Your best bet is to try to determine how the woman wants to be addressed before introducing her or greeting her. If you notice her speaking with someone else, that individual might know her at least fairly well and be able to speak to her preferences. Asking a simple question can save the day.
When to Use Ms.
You almost can't go wrong with "Ms." Feminists first began promoting this term for women as the female counterpart to "Mr." back in the 1950s, and it gained steam in the 1970s. It can be used by any adult woman regardless of her marital status, but it refers to adult women, not girls. It's almost always better to err on the side of "Ms." if you're unsure of the woman's preferred title or marital status.
When to Use Mrs.
The term "Mrs." originated to refer specifically to married women, but some women prefer to keep the "Mrs." in their names even after divorce and particularly if they're widowed. It's not safe to assume that all women using "Mrs." as a title have a current or living spouse, nor is it safe to look for a wedding ring.
Most women wear them, but not all do—particularly if they'd divorced, separated, or widowed. But they still might want to be addressed as "Mrs."
Always use the abbreviation and don't spell out "missus" if you're writing the title, but use " Mrs" rather than "Mrs." in the United Kingdom and in British English—don't include the period. There's no standard for spelling for "Mrs." in the English language, although both "missus" and "missis" appear in literature.
Go to the Source
If you're still unsure even with these guidelines in mind and if it would be awkward or impossible to ask someone, let the woman in question tell you her preference if possible.
When you begin the introduction, pause as you get to the title and indicate somehow that she should feel free to fill in the blank. You can hold an expectant hand out to her to finish for you, or you can say something like, "Miss?
Ms.? Mrs.?" Now it's her decision and you can't make a mistake.

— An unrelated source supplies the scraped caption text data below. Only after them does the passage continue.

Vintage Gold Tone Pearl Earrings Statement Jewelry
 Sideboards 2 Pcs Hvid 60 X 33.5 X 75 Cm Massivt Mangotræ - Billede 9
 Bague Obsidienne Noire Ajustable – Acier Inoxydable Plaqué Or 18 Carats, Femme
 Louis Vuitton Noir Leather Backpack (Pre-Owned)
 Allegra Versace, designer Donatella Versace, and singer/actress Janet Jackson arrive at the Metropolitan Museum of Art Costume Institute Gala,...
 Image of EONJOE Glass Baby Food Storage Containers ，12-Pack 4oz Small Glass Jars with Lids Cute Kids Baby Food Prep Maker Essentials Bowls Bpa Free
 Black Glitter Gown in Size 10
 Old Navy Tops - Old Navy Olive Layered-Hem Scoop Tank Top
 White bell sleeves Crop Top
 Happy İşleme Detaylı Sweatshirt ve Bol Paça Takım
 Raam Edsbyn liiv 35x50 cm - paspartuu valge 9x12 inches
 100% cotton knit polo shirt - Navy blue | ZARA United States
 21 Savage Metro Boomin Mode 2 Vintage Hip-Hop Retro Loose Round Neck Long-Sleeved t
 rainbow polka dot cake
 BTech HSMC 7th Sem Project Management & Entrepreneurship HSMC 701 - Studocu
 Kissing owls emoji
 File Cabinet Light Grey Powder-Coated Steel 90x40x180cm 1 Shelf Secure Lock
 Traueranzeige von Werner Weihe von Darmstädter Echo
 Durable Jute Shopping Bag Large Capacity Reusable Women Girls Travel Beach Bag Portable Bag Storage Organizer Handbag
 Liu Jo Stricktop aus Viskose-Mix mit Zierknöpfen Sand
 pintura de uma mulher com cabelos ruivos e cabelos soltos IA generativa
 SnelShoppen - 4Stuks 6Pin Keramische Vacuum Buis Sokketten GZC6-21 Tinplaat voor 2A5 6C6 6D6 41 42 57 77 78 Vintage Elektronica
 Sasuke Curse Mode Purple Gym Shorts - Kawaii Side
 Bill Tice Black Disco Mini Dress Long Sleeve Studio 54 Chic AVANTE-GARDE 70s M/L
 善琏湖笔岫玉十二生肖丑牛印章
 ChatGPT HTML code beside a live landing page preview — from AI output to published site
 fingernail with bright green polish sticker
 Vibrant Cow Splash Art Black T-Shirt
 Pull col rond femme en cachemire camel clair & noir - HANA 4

Of course, this works better in some scenarios than in others. It's less than perfect if you're introducing someone from a podium. You'll definitely want to take her aside for a moment first and ask her how she would like to be addressed if you'll be introducing her to multiple people.
Avoid the Issue Entirely
If all else fails, you might simply consider using the woman's full name. It's another foolproof way to avoid making a mistake. But don't simply use her first name by itself unless she's indicated that this is acceptable to her.
A Word About Men's Titles
Men are easy. For the most part, there are only two ways to apply a gender title to the male species—men or boys:
- Master: This title is used to refer to and address boys. It's never used for adult men unless the title is part of a professional title, not just a gender title, as in "headmaster."
- Mister or Mr.: This term is used to identify men who are too mature to be called "master." It can refer to any man regardless of his marital status. The correct spelling is mister, but the term should always be abbreviated when you're using it as a title.